A friend and energy expert recently asked: What’s the bigger threat to the oil industry, electric vehicles or renewable energy?
My answer – which has taken on an added dimension amid the uproar over the killing of journalsit Jamal Khashoggi – was that the real challenge is something more amorphous, but bigger: aversion.
That isn’t to dismiss the two technologies he asked about – although it was a bit of a trick question. Electric vehicles using conventional power sources such as coal or natural gas don’t fully displace the carbon emissions of regular cars. Just as the marriage of automobiles with petrol challenged the horse in early 20th-century transportation, so the marriage of electric vehicles with renewable energy challenges the internal combustion engine.

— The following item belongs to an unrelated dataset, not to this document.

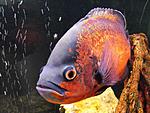 DSCF0059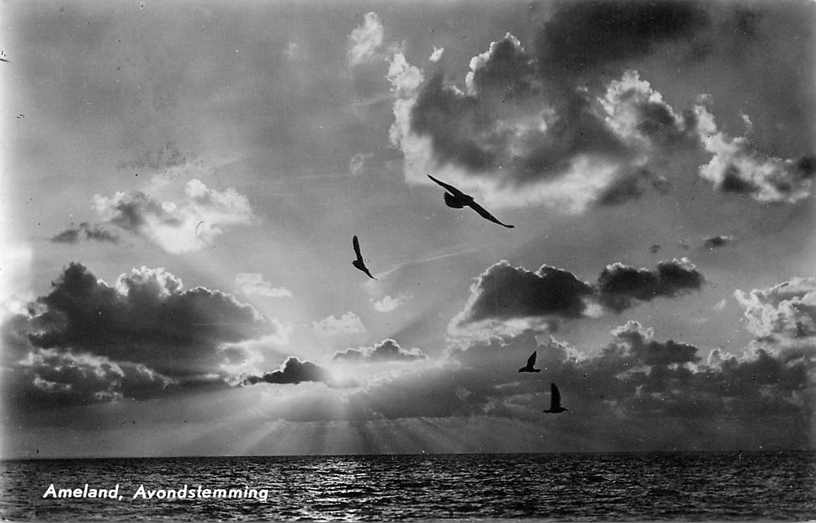 Ameland Avondstemming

This is happening already in the market that, perhaps more than any other, will determine the shape of the 21st-century energy market: China. Sales of light-duty vehicles in the Chinese market – the world’s biggest since 2009 – fell 12 per cent in September, year over year, the third monthly decline in a row. Yet sales of electric vehicles (including plug-in hybrids) jumped by 75 per cent. They may constitute only 5 per cent of the market, but in three of the past four quarters, they’ve accounted for half or all of the growth.
China’s rapid industrialisation has taken an environmental toll, and Beijing has tried to address the resulting social discontent. Pollution in Chinese cities has decreased but last year remained far above World Health Organization standards. Encouraging renewable power and electric vehicles – as well as natural gas muscling in on coal – makes sense and will continue to do so.
Another consideration is strategic. Unlike the US, China isn’t an oil and gas powerhouse, and its rising import dependence leaves it at the mercy of the navy of a certain superpower currently waging a trade war on it. It also makes China dependent on that notably less-predictable regime in Riyadh. These are not positions Beijing relishes.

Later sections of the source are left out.